As previously reported in the Messenger, the Vermont Milk Commission hinges stabilization of the dairy industry on a mandatory, nationwide supply management program that would charge farmers for producing milk above a certain threshold.
Such a program would likely require federal orders overseen by the USDA — an explicit recommendation of the Vermont Milk Commission. “It can’t be done in just the state of Vermont,” Bothfeld said. “We make a lot of great milk, but nationally, we’re too small.”
While previous attempts to build a supply management program were squashed at the national level, and while the sitting U.S. Secretary of Agriculture recently dismissed supporting a national supply management program, the implementation of a supply management program has become an increasingly popular answer to stabilizing a nationwide glut in milk production among farmers themselves.

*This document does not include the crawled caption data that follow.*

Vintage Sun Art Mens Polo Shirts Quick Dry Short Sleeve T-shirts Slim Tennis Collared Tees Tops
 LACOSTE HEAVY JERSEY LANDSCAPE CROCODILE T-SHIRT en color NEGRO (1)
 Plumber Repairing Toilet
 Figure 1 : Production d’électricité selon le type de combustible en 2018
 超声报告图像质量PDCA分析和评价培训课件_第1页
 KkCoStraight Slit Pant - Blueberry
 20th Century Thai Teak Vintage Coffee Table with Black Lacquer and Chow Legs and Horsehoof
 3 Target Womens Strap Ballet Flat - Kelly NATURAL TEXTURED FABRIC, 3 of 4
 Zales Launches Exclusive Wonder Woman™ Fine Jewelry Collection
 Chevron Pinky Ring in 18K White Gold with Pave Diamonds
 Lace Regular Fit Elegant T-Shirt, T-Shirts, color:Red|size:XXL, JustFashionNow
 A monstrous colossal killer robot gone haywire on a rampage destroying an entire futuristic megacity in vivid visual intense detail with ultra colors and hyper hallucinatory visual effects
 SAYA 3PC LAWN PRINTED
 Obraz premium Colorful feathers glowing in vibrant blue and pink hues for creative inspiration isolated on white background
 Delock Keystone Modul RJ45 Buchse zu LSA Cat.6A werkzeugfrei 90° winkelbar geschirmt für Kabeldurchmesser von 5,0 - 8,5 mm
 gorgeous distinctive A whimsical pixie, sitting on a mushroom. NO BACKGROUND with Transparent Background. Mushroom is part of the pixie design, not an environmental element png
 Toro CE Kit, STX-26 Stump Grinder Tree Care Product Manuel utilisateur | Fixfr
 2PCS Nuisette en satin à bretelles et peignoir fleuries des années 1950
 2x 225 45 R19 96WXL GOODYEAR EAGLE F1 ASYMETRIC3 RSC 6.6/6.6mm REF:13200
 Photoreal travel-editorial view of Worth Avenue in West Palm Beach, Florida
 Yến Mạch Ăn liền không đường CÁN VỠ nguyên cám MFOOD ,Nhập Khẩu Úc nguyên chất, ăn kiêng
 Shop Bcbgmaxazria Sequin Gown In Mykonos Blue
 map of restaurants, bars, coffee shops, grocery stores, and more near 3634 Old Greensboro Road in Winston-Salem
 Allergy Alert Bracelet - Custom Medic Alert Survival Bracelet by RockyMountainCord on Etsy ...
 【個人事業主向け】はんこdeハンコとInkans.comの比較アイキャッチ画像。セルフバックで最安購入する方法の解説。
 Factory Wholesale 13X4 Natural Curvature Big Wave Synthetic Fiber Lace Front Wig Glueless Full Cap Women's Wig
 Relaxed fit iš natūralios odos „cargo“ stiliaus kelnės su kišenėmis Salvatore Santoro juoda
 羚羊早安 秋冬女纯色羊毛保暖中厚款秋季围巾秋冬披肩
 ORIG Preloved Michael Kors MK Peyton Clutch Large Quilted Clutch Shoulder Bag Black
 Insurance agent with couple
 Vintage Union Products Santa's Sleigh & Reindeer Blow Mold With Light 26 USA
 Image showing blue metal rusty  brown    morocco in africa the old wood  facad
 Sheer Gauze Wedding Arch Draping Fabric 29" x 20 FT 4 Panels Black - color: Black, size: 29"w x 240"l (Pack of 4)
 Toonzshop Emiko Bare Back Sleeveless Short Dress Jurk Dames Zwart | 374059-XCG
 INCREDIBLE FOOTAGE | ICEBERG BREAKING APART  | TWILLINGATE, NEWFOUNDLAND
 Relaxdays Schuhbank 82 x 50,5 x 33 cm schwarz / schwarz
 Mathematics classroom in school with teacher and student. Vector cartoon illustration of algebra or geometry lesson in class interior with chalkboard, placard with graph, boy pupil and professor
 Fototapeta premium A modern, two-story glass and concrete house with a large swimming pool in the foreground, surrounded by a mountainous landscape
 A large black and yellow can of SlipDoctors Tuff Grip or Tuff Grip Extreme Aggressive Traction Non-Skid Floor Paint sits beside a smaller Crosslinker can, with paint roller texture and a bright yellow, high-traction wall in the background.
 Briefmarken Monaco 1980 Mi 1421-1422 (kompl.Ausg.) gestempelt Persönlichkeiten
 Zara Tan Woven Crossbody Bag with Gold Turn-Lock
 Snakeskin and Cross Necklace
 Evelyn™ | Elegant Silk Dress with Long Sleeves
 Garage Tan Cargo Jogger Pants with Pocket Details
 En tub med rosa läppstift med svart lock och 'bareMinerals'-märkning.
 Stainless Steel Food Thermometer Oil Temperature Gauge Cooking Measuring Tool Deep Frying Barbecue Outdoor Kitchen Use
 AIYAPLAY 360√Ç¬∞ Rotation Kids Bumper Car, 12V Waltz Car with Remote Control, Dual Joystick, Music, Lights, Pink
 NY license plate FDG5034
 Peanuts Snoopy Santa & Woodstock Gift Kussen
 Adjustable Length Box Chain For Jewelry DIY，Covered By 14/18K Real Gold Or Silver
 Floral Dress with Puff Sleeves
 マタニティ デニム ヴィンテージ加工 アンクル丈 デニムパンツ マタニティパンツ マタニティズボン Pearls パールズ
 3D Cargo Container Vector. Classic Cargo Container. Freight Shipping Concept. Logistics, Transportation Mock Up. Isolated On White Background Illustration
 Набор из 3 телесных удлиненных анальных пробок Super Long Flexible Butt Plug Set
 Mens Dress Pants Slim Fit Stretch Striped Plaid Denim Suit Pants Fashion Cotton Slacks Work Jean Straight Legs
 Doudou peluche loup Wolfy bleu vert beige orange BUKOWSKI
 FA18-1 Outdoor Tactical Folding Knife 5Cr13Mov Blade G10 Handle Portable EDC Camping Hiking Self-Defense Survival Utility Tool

Just last Saturday, during a “Faces of Dairy” forum held in Enosburgh, farmers representing both conventional and organic farms advocated explicitly for a supply management program to reel in overproduction in the dairy industry.
According to Bothfeld, a supply management program remains the clearest answer for eating into the U.S. dairy glut. “We’ve got… 1.3 billion pounds of cheese in storage,” Bothfeld said. “How are cheese prices ever supposed to come up with that much cheese in storage?
“We can’t eat our way out of it, we can’t export our way out of it.”